Created in the 1920s, that map is the first one of Middle-earth, a fantasy world of elves and wizards, dwarves and dragons. There would be many more maps. By the end of the 1940s, academic and author J. R. R. Tolkien (1892–1973) was sticking together multiple sheets with brown parcel tape to keep up with his expanding universe.
This yellowing map contains countless creases and folds – proof that it was pored over by its creator. To the west of the Misty Mountains, there’s a small burn hole, most likely caused by Tolkien’s pipe. ‘I wisely started with a map,’ he wrote, ‘and made the story fit.’

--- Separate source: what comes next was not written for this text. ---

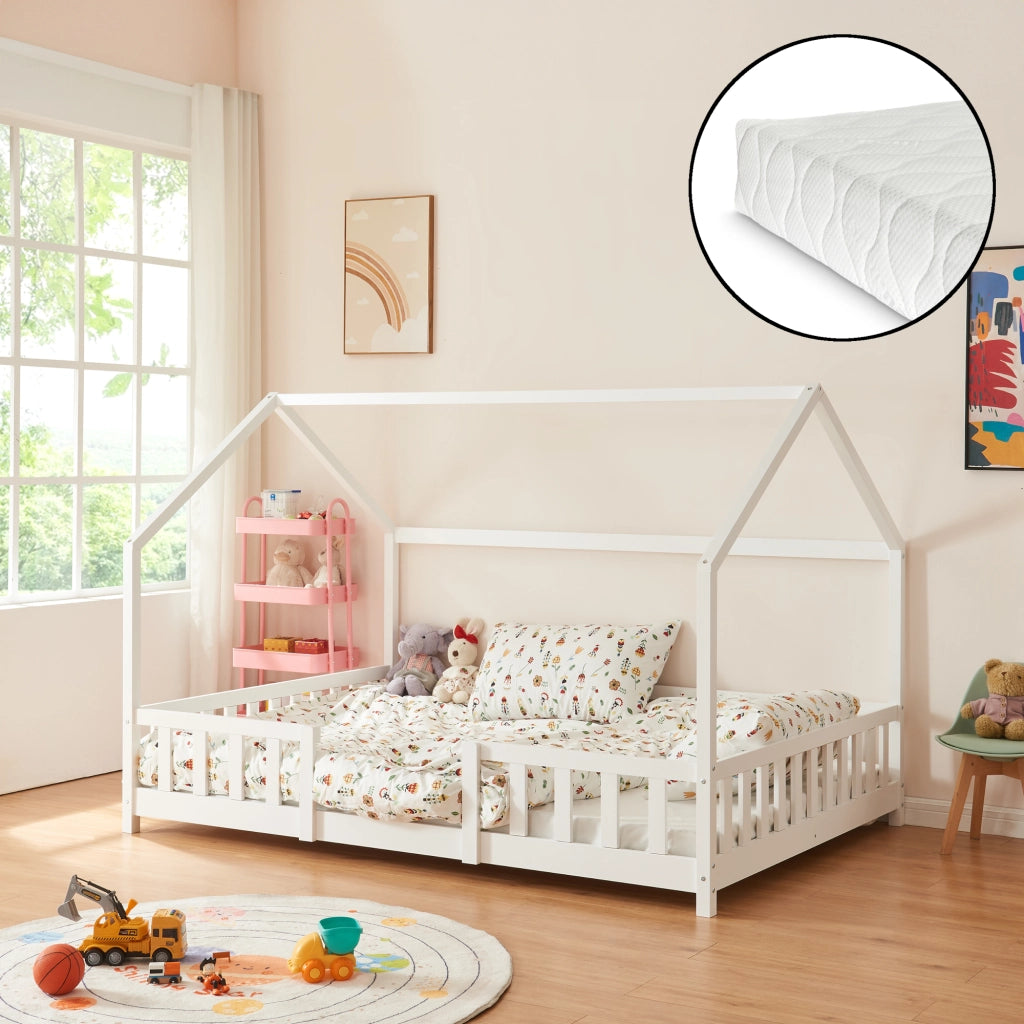 Letto per Cameretta Sisimiut a Forma di Casetta con Materasso 120x200 cm Bianco [en.casa] [neu.haus]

Across this landscape, Tolkien told two stories – one quite short and one very, very long. In The Hobbit (1937), Bilbo Baggins travels from his comfortable home in his beloved Shire, over those Misty Mountains, through the dense forest of Mirkwood, to the Lonely Mountain and an encounter with surely the most famous dragon in literature, Smaug.
In The Lord of the Rings (1954–55), another hobbit, Frodo, again leaves the Shire and journeys to Mordor to destroy an all-powerful, all-corrupting ring. Both tales defined the fantasy novel, became publishing phenomena and left a lasting imprint on our culture.
The Bodleian Libraries in Oxford are currently displaying a huge range of material relating to the author from both its own vast Tolkien archive and from private collections around the world. There are manuscripts and maps, letters and fan mail, early drafts and drawings, the author’s writing bureau and Windsor chair, even intricate doodles on scraps of newspapers.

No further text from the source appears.